At the conclusion of the Mass, Cardinal DiNardo also blessed the icon, specially commissioned for the gathering and painted by Houston-based artist Al Sauls.

The gathering also welcomed a special video message from Gabriella Gambino, under secretary of the Dicastery for Laity, Family and Life.

She emphasized three points: vocation, with a catechumenal model reframing marriage as a vocation with grace, perhaps not as just an event; interconnectedness, with the family as the center of all pastoral work much like a synodal effort; and discernment, understanding and growing skills to “read the signs of God.”

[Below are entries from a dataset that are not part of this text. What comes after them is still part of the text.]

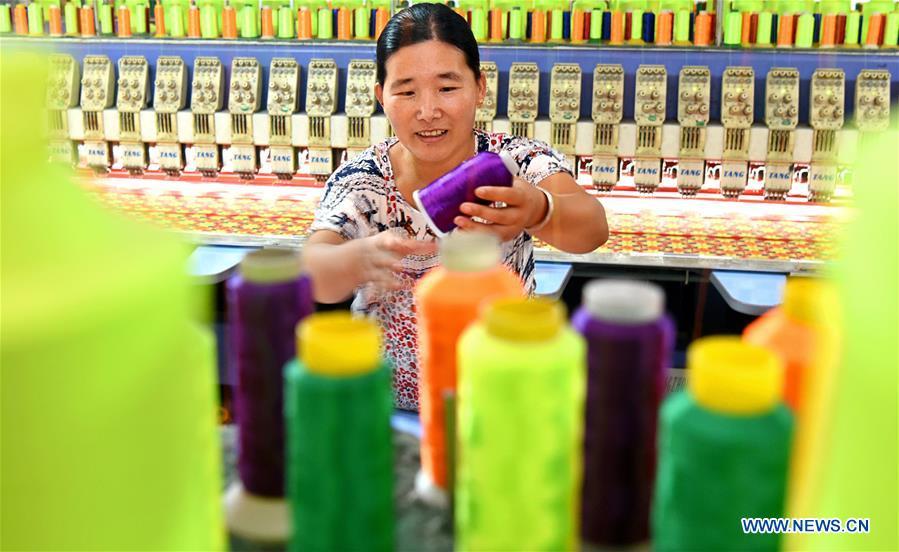 A woman works in a knitting workshop in Gezhuang Village of Shiqiao Town in Yiyuan County, east China\'s Shandong Province, Aug. 14, 2018. In recent years, Yiyuan government has made efforts on the development of knitting and embroidery industry. Through establishing cooperatives and industry associations, the government helps to open up domestic and international market for products and raise income for the locals. (Xinhua/Zhao Dongshan)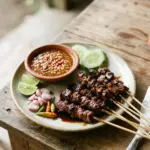 Delicious goat satay skewers served with spicy peanut sauce and fresh herbs.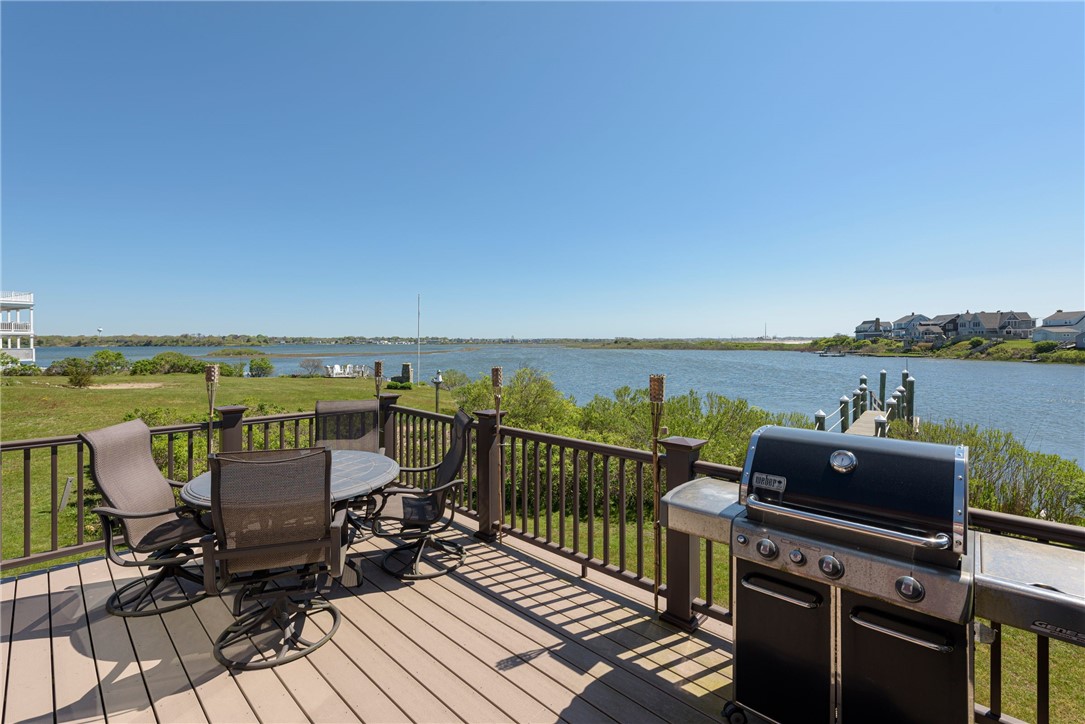 Waterfront deck with patio dining set and gas grill overlooking the water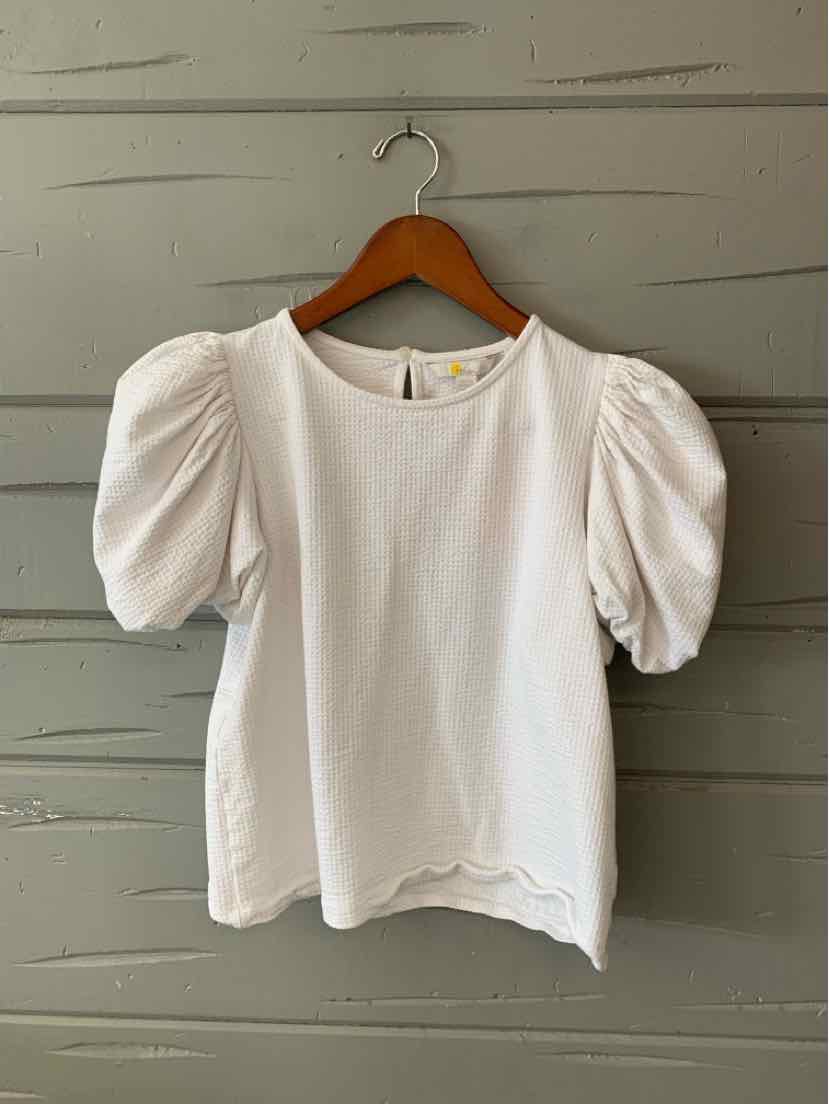 White blouse with puffed short sleeves and round neckline hanging on wooden hanger against gray wall.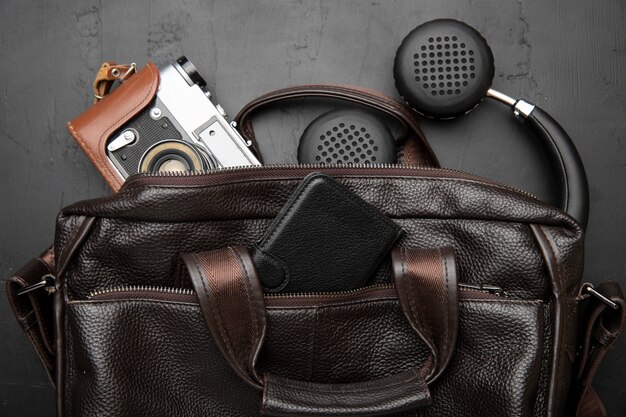 Leather bag for travel with headphones and camera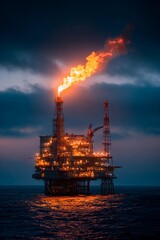 Obraz premium An oil rig stands tall in the ocean as flames erupt from its top, illuminating the dark sky. The blue water reflects the fiery glow amid a moody, cloudy backdrop
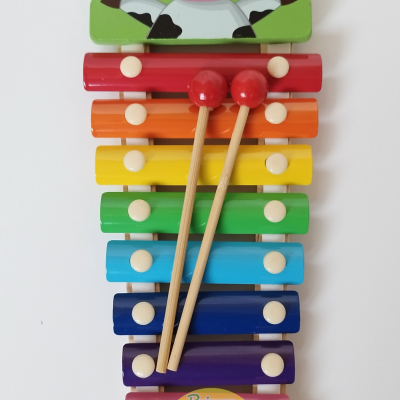 Xilofone colorido de madeira com decoração de vaca e baquetas vermelhas
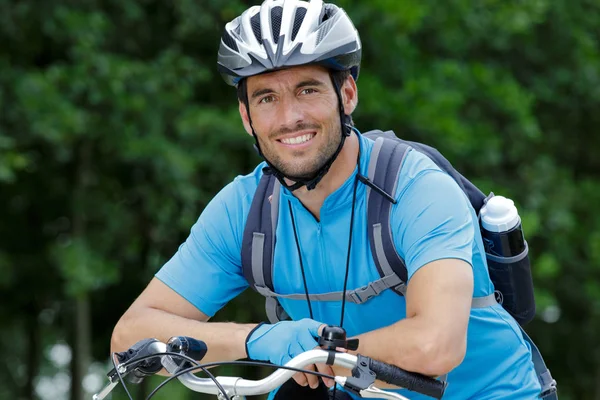 Retrato do ciclista masculino apoiando-se no guidão — Fotografia de Stock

She also encouraged attendees to become “more effective” in “proclaiming the vocation marriage” so that young people can learn their vocation as a family and as part of the Church.

Panel sessions discussed the impacts of the message, as well as the Dicastery’s new document.

Julia Dezelski, director for marriage and family life ministries at the U.S. Conference of Catholic Bishops (USCCB), helped lead the summit, which she said was “a unique means of inspiring and affecting action at all levels of the Church to respond to the desire expressed from St. John Paul II to Pope Francis of establishing a catechumenal process of marriage preparation.

“Catechumenal Pathways is the culmination of the Church’s long-anticipated call for the renewal of marriage prep modeled on a catechumenate which precedes the Sacrament of Initiation or a pathway similar to what takes places in Order of Christian Initiation,” she said.

The summit, held at Circle Lake Retreat Center near Magnolia, was sponsored by the Scanlan Foundation, the USCCB’s Secretariat of Laity, Marriage, Family Life and Youth, Witness to Love, University of St. Thomas-Houston, and the Archdiocese of Galveston-Houston.